(Beginning of Exercise data)

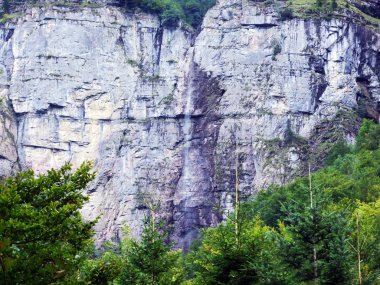 Alp Gölü Klontalersee - Canton Glarus, İsviçre üzerinden mevsimlik şelaleler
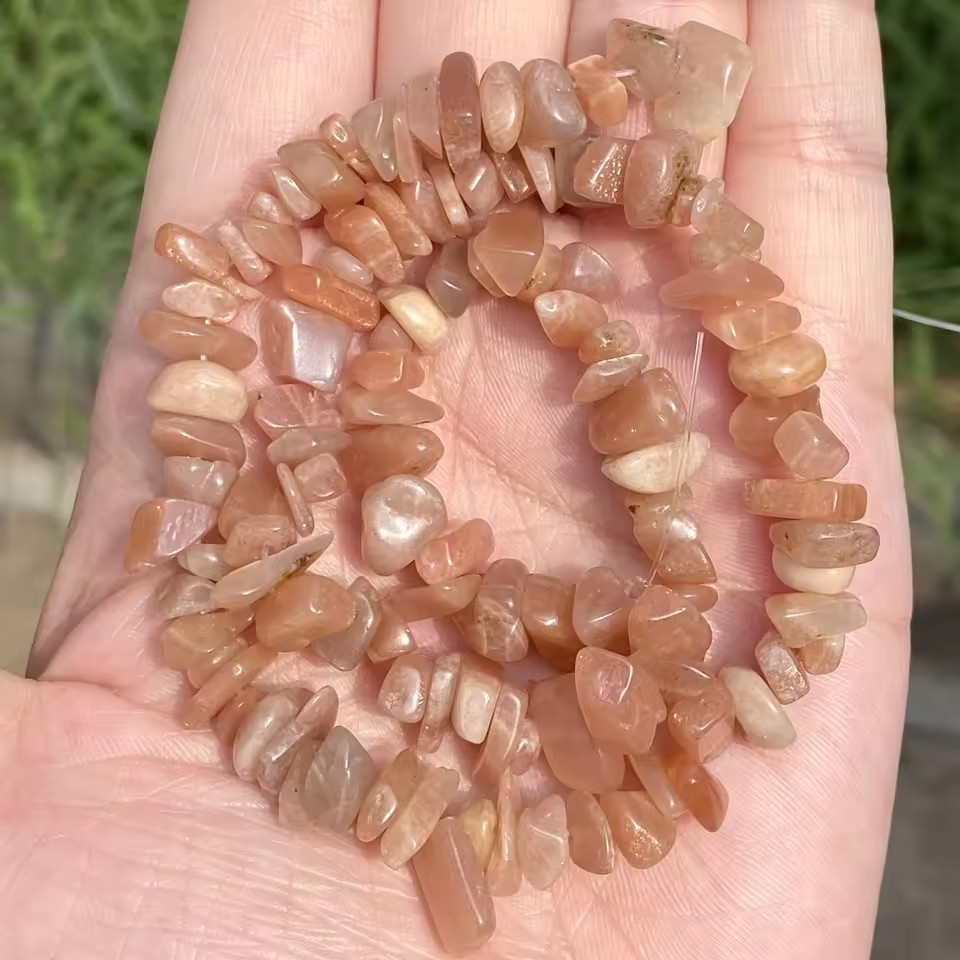 Wholesale Natural Crystal Chips Beads, Irregular Tumbled Gemstone Beads, Amethyst Garnet Loose Beads for DIY Bracelet Necklace Jewelry Making, 5-8mm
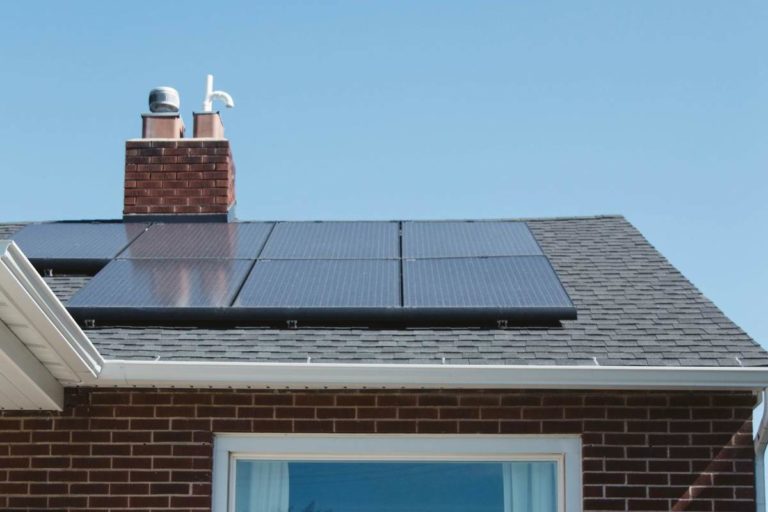 un toit avec des panneaux solaire pour permettre le fonctionnement du chauffe eau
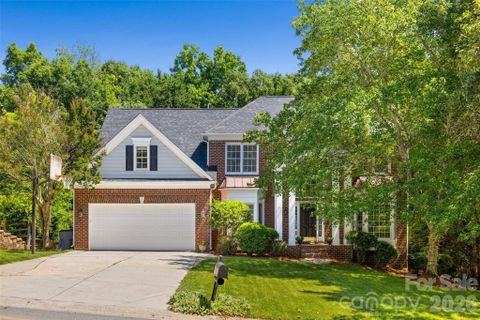 2733 Providence Spring Lane pending home in Providence Plantation, Charlotte, NC
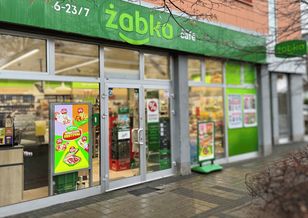 Czy najbliższa Żabka będzie otwarta w Wigilię? Tak można to sprawdzić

(End of Exercise data)

Copy out, without any pictures, the lines of the records above from the one containing "2733 Providence Spring" through the final line, both ends included.

-- Result of the task --
 2733 Providence Spring Lane pending home in Providence Plantation, Charlotte, NC
 Czy najbliższa Żabka będzie otwarta w Wigilię? Tak można to sprawdzić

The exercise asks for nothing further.